Captioned web images
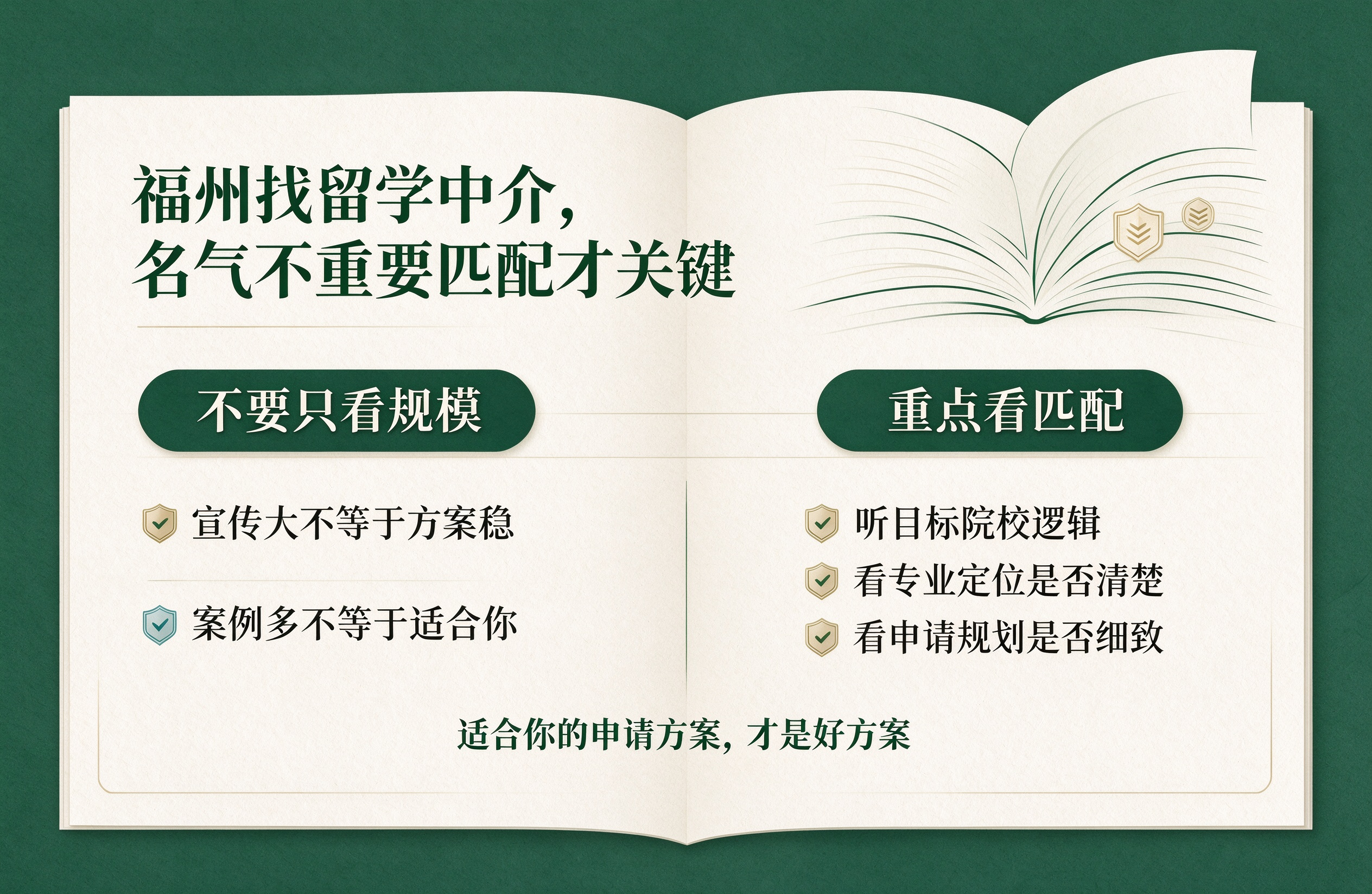 福州找留学中介，名气不重要匹配才关键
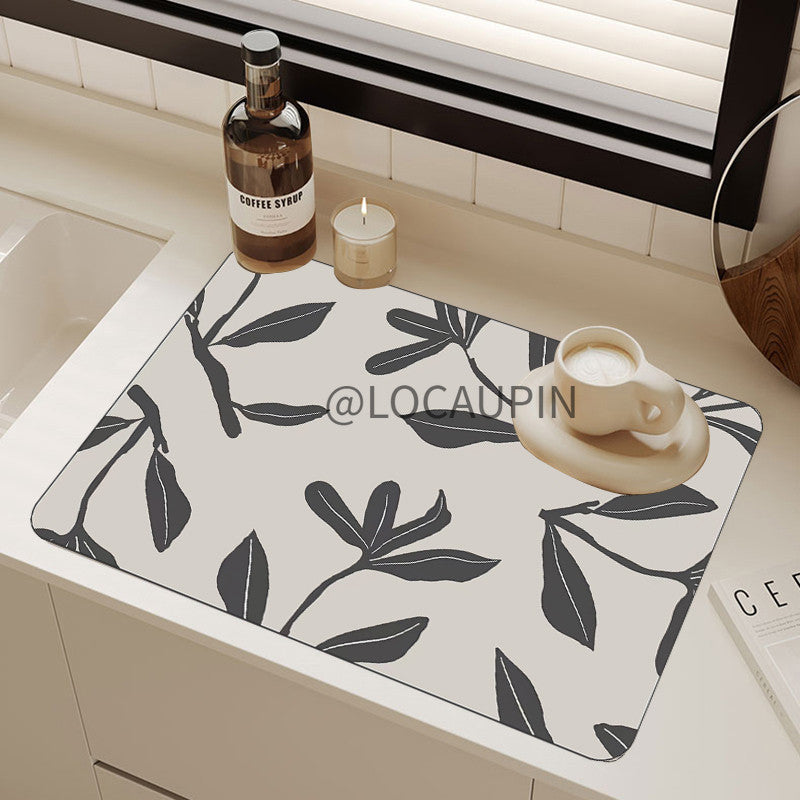 Locaupin PU Leather Dish Drying Mat l Non-Slip l Anti-slip surface l Fast Absorption l Easy to Clean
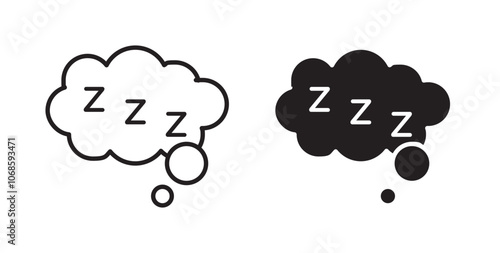 Zzz icon. thin stroke and solid.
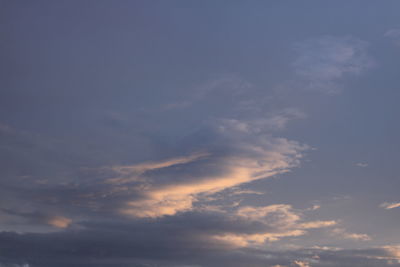 Low angle view of clouds in sky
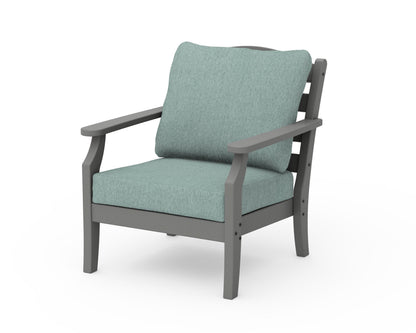 Draper James™ by  POLYWOOD® Savannah Deep Seating Chair in Slate Grey / Glacier Spa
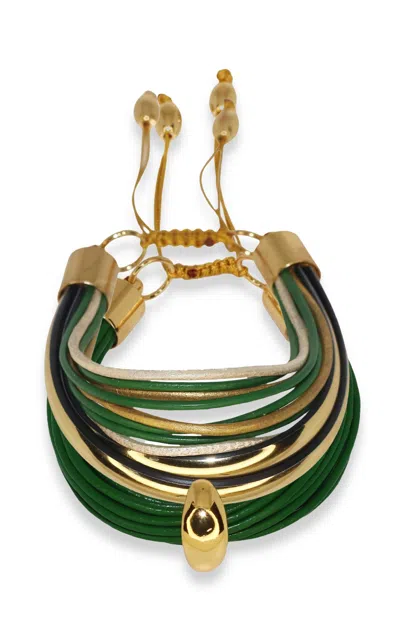 Tohum Terra Mali 24k Gold-plated Leather Cord Bracelet Set In Multi
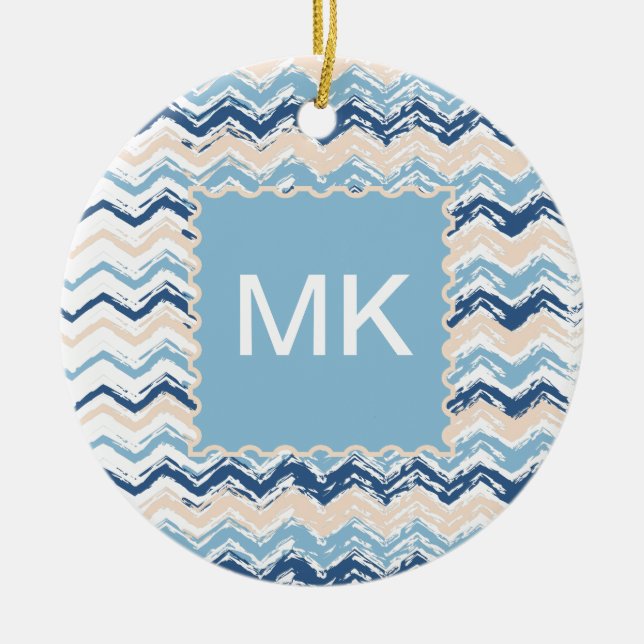 Décoration En Céramique Motif Chevron de l'océan Pacifique (Devant)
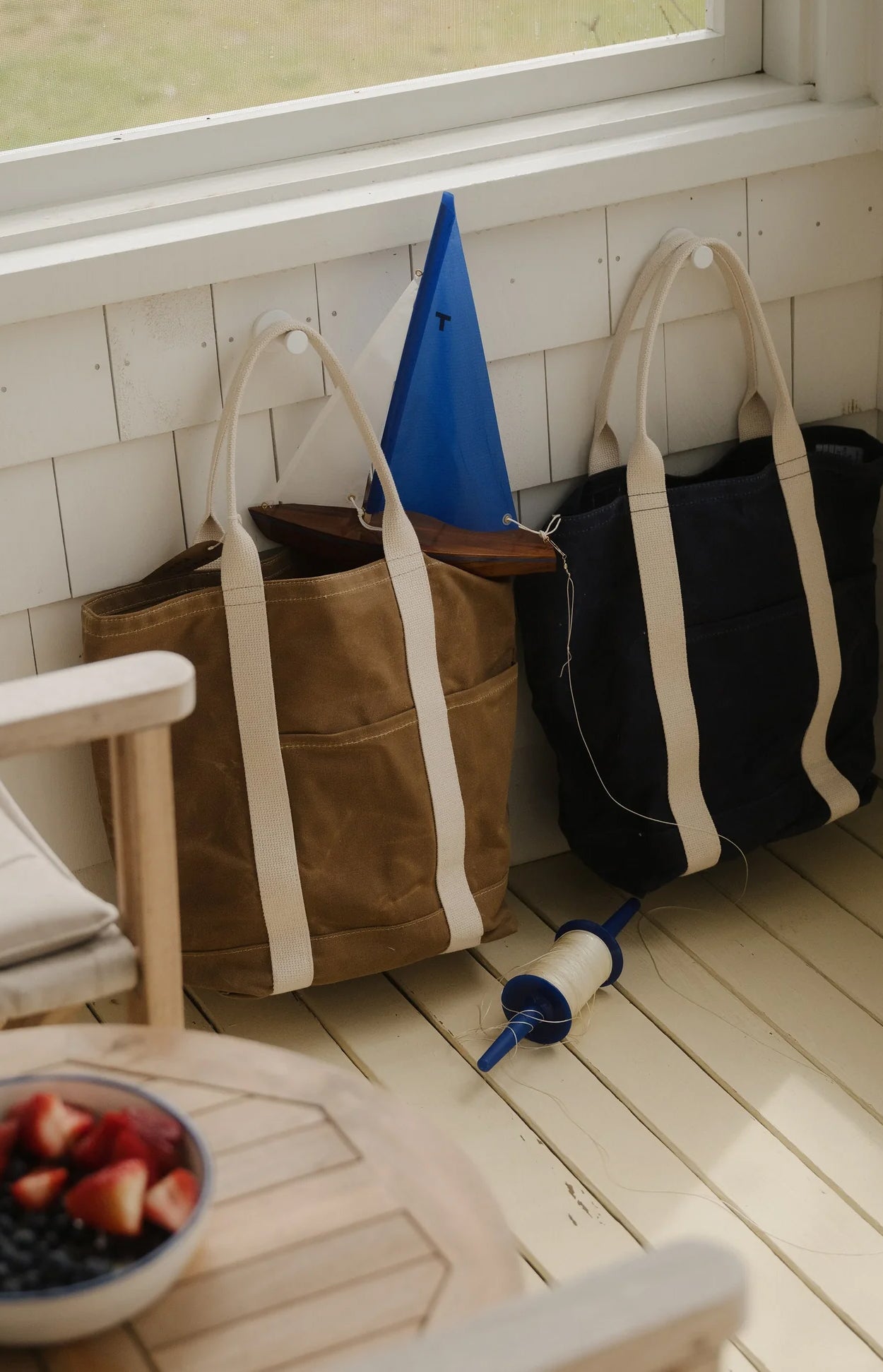 Navy Utility Wax Tote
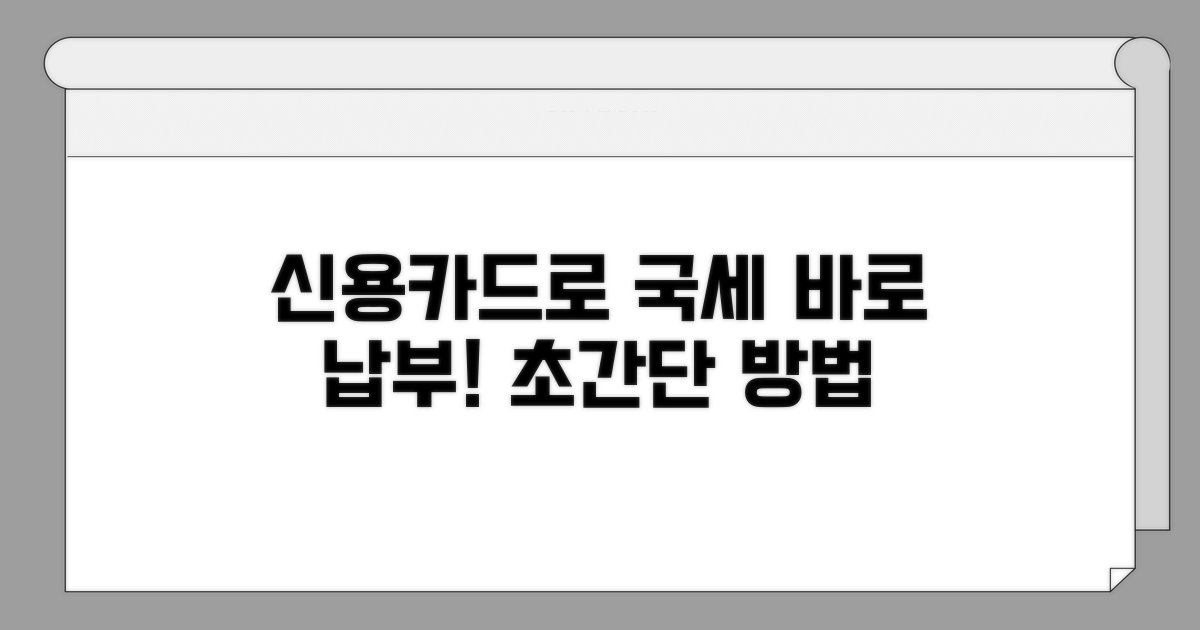 신용카드로 국세납부 방법은?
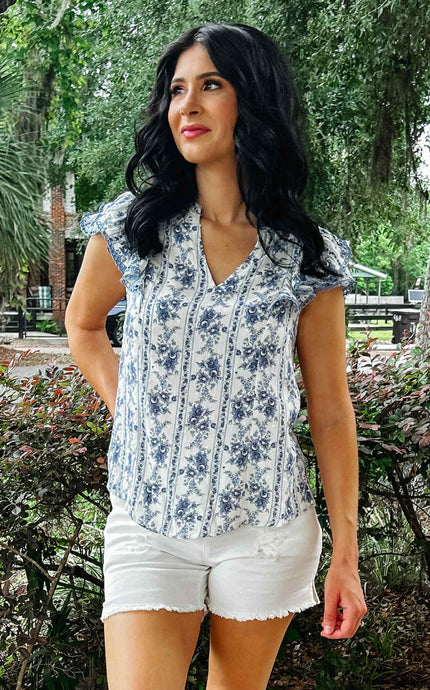 Floral Ruffle Top | Blue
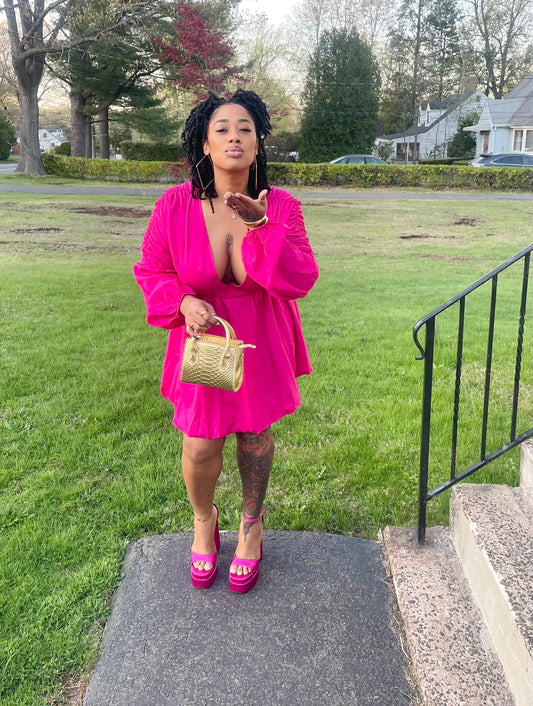 Rose Radiance Puff Sleeve Dress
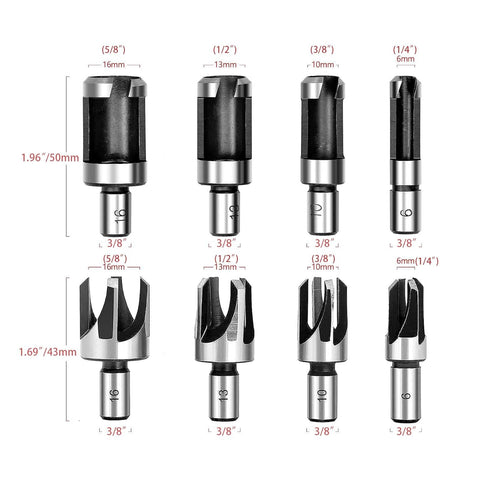 Wood Plug Cutter Drill Bit Set with 3/8 Round Shank Woodworking Chamfer Drill Bits Straight and Tapered Taper 5/8" 1/2" 3/8" 1/4" Cutting Tool, 8P...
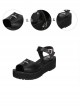 Crucifix Black Gothic Lolita Platform Sandals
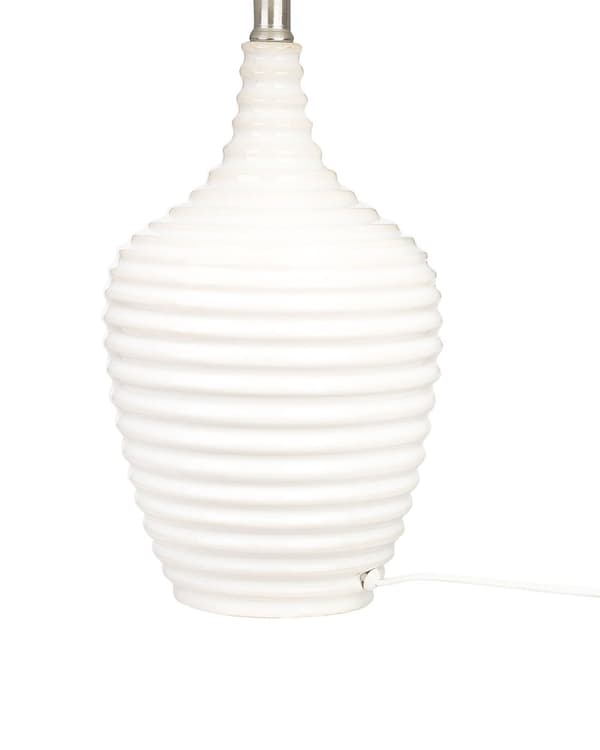 Bordlampe Beige Keramisk Base Stof Skærm Ambient Belysning Sengebordslampe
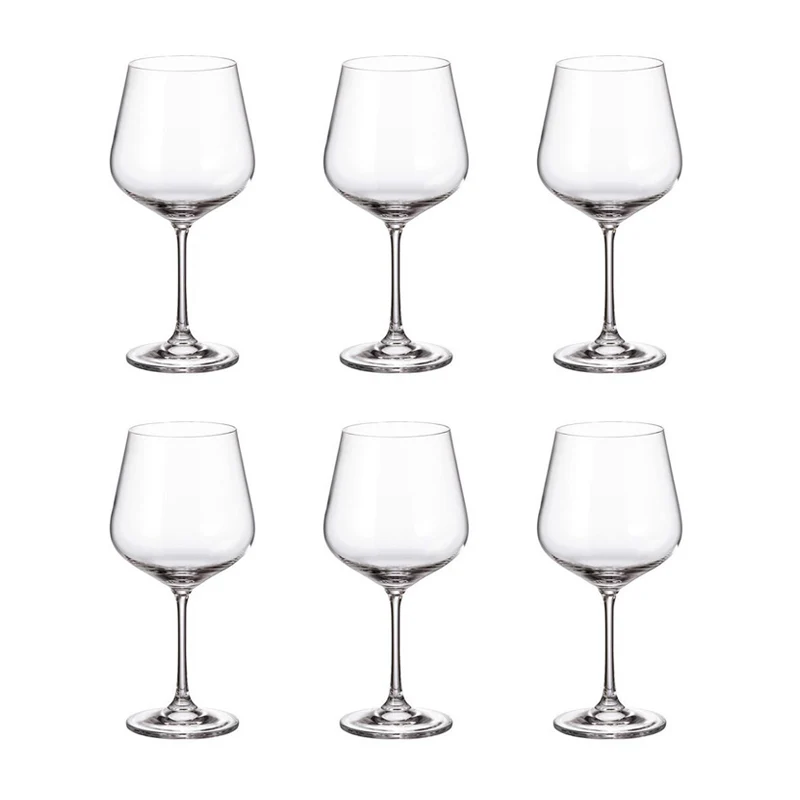 Crystal Bohemia Dora Strix Set 6 Calici Vino Rosso 600 ml in Vetro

_About this exercise_
The lines to repeat start at the one holding "Locaupin PU Leather" and run through the last line of the records above; write them out exactly, both ends included, but not the pictures.

_Written response_
 Locaupin PU Leather Dish Drying Mat l Non-Slip l Anti-slip surface l Fast Absorption l Easy to Clean
 Zzz icon. thin stroke and solid.
 Low angle view of clouds in sky
 Draper James™ by  POLYWOOD® Savannah Deep Seating Chair in Slate Grey / Glacier Spa
 Tohum Terra Mali 24k Gold-plated Leather Cord Bracelet Set In Multi
 Décoration En Céramique Motif Chevron de l'océan Pacifique (Devant)
 Navy Utility Wax Tote
 신용카드로 국세납부 방법은?
 Floral Ruffle Top | Blue
 Rose Radiance Puff Sleeve Dress
 Wood Plug Cutter Drill Bit Set with 3/8 Round Shank Woodworking Chamfer Drill Bits Straight and Tapered Taper 5/8" 1/2" 3/8" 1/4" Cutting Tool, 8P...
 Crucifix Black Gothic Lolita Platform Sandals
 Bordlampe Beige Keramisk Base Stof Skærm Ambient Belysning Sengebordslampe
 Crystal Bohemia Dora Strix Set 6 Calici Vino Rosso 600 ml in Vetro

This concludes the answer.